EU-Kommission geht gegen Ungarn vor
Hunderte österreichische Bauern und Kleingartenbesitzer, die fürchten, ihr Nutzungsrecht (Nießbrauch) in Ungarn entschädigungslos zu verlieren, können zumindest einmal durchatmen. Wie erwartet, hat die EU-Kommission am Donnerstag ein Vertragsverletzungsverfahren gegen Ungarn eingeleitet.
Brüssel hat den Verdacht, dass die ungarischen Gesetze „gegen das EU-Recht zum freien Kapitalverkehr und zur Niederlassungsfreiheit verstoßen“, weil sie die Rechte ausländischer Investoren zu stark beschneiden würden.
Einseitige Gesetze
Konkret stößt sich die Brüsseler Behörde daran, dass mit einem Gesetz von Dezember 2013 die kurzfristige einseitige Beendigung bestimmter Nießbrauchverträge möglich wurde. Bei anderen wurde eine Übergangsfrist von nur viereinhalb Monaten angesetzt, obwohl zuvor 20 Jahre angekündigt worden waren. Dies gebe „Anlass zu Bedenken“, heißt es in der Kommission. Die ungarische Regierung hat nun zwei Monate Zeit, Stellung zu nehmen. Werden die Bedenken nicht ausgeräumt, kann die Kommission vor dem Europäischen Gerichtshof klagen.
Ungarns national-konservative Regierung unter Viktor Orban rechtfertigt das Bodengesetz damit, dass sie ungarischen Grund und Boden vor „ausländischen Spekulanten“ schützen wolle. Ackerland in Ungarn zu kaufen, war für Ausländer seit 1994 unmöglich.

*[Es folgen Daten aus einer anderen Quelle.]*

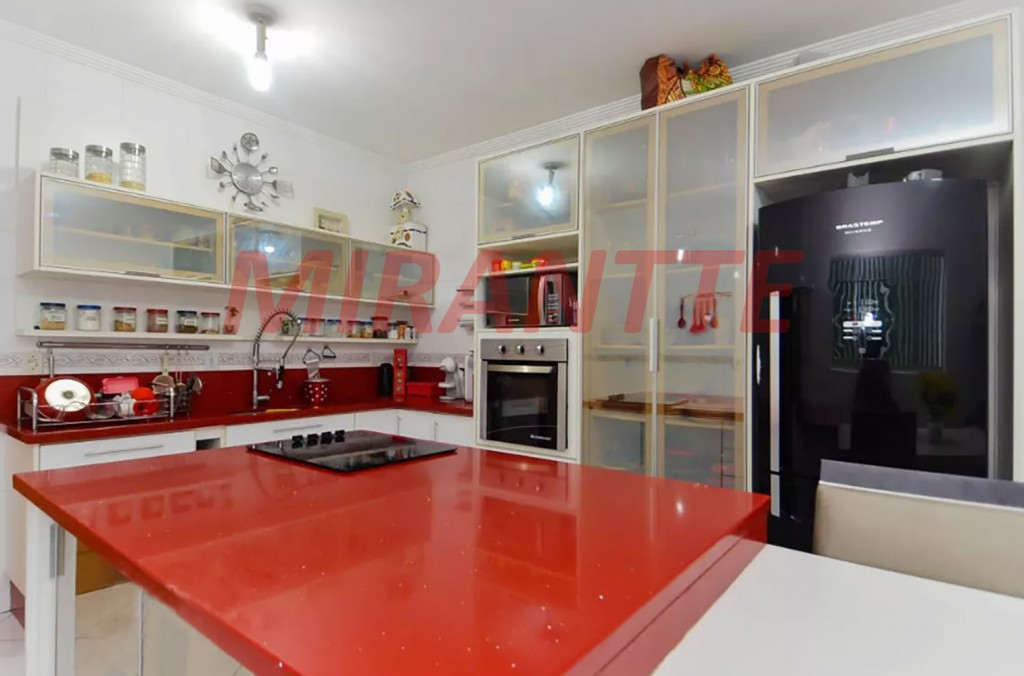 Sobrado de 165m² com 3 quartos em Parque Continental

Üblich aber waren sogenannte Nießbrauch-Verträge: Gegen eine bestimmte Summe – meist in der Höhe des Kaufpreises – übertrug der Grundstücksbesitzer dem ausländischen Interessenten auf Dauer von maximal 99 Jahren das Nutzungsrecht. Der Name des Nutzers wurde auch im Grundbuch eingetragen. So machten es an die 200 österreichischen Landwirte in Ungarn. Aber auch zahlreiche österreichische Kleingartenbesitzer sind betroffen, denn im neuen Bodengesetz gelten nun auch Kleingärten als „landwirtschaftlicher Grund“.
Keine Entschädigung
Alle diese Nießbrauchverträge seien ungültig, heißt es nun nach Ungarns Vorgabe. Deshalb gebe es auch kein Recht auf Entschädigung.
Wie unnachgiebig Ungarns konservative Führung in der Bodenfrage bisher agierte, zeigte sich auch beim Staatsbesuch von Österreichs Präsident Heinz Fischer am Mittwoch in Budapest. Im Gespräch mit seinem ungarischen Amtskollegen Janos Ader wurde man sich nur in einem einig: Die EU-Kommission müsse entscheiden – und deren Entscheidung müsse auch respektiert werden.